Why Use Linux on your PC?
Linux has a lot of advantages over the "usual suspects", including the following:
Linux is free!
You can download it off the web (-or order a boot CD at minimal cost) : there is also no licensing cost for installing it to multiple PCs
Linux is available in lots of different “flavours”:
If you have a particular use in mind for your PC, then there is probably a tailored version of Linux out there just for you
Linux is more suited to multi-tasking and security:
Linux was designed from the outset as a multi-user, multi-tasking PC version of the most popular business O/S – Unix - which has been around for a long time and is used by most businesses to run their Data Processing departments
Linux is light on resources:
Each version of Microsoft Windows seems to require faster and faster processors, more and more memory and takes up a larger amount of disc than the previous one. Linux is smaller and less resource intensive, allowing it to run on old hardware or low specification PCs
Linux is Open Source:
This means that the code is available to anyone. What this translates to for the layman, is that there is an army of Linux developers out there tinkering with the code and producing fixes or enhancing the code – rather than relying on programmers from a single vendor company. As a result, intervals between major Linux releases are measured in months not years
Linux is portable:
Generally speaking (-for example, assuming you are not relying on particular hardware specifics) code written on one flavour of Linux will run on all other versions of Linux or Unix with little or no modification
Linux software is generally free:
In the spirit of Open Source, most Linux developers make their downloadable at no (-or trivial) charge. There is now a very large amount of software available : software is available for most applications
Linux help is widely available on the Web:
As mentioned, most professional organisations host their systems on Unix or Linux, so there are a lot of professionals out there who are very familiar with it. As a result, anyone with a search engine has access to a huge knowledgebase of information on Linux
There certainly was a time when Linux was rather intimidating for the home user but those days are long gone.
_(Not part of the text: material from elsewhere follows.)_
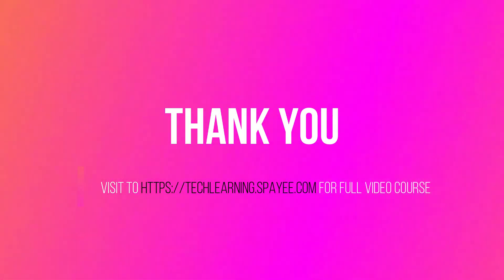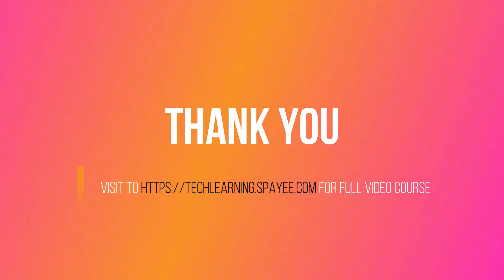To learn AWS and Azure in detail, please click on the link below. For more certification dumps, like, share, and subscribe to this channel. Thank you.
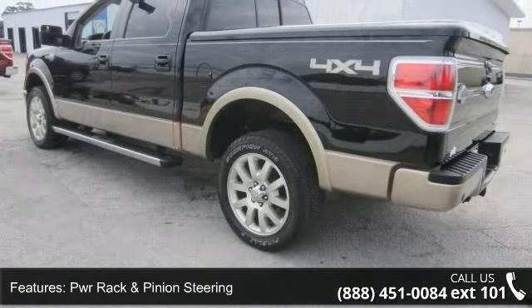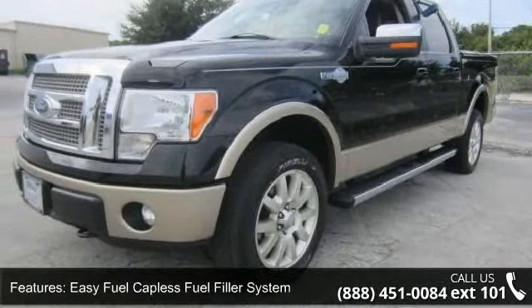A test drive is waiting for you. Call now to schedule an appointment at our dealership.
With the advent of many Linux variants aimed at the home market, all but the most basic distros ship with a GUI similar to Microsoft Windows or Mac OS meaning that beginners need never drop to the command line underneath.
..all but the most basic distros ship with a GUI.. meaning that beginners need never drop to the command line..
The power of Linux is always there, for those that really want to get the best from their PC, but it is now hidden behind a user friendly front end. We hope to show you through our articles how Linux is just as easy to use as the alternatives except that the cost of ownership is much, much lower.
In part, this is partly due to Linux' late entry into the desktop GUI arena and partly due to timing. The success of Windows can be compared to the that of the standard gauge railway in nineteenth century Britain: standard gauge was in almost all ways inferior to Brunel's wide gauge railway (-the Great Western line) but it won out purely because the amount of standard gauge line far outnumbered that of wide gauge. As trains became faster, the limitations of standard gauge became all too apparent - with the UK suffering, as a result, ever since.
In order to make progress, we sometimes need to take the approach of the French who, when building their train a grande vitesse (TGV), decided to take Brunel's example and build a whole new wide-gauge line to support their 21st century transport system. So it is with computers: we believe that in order to improve (-and provide better value) to the consumer, it's time to break with the past and move on to a new platform: Linux!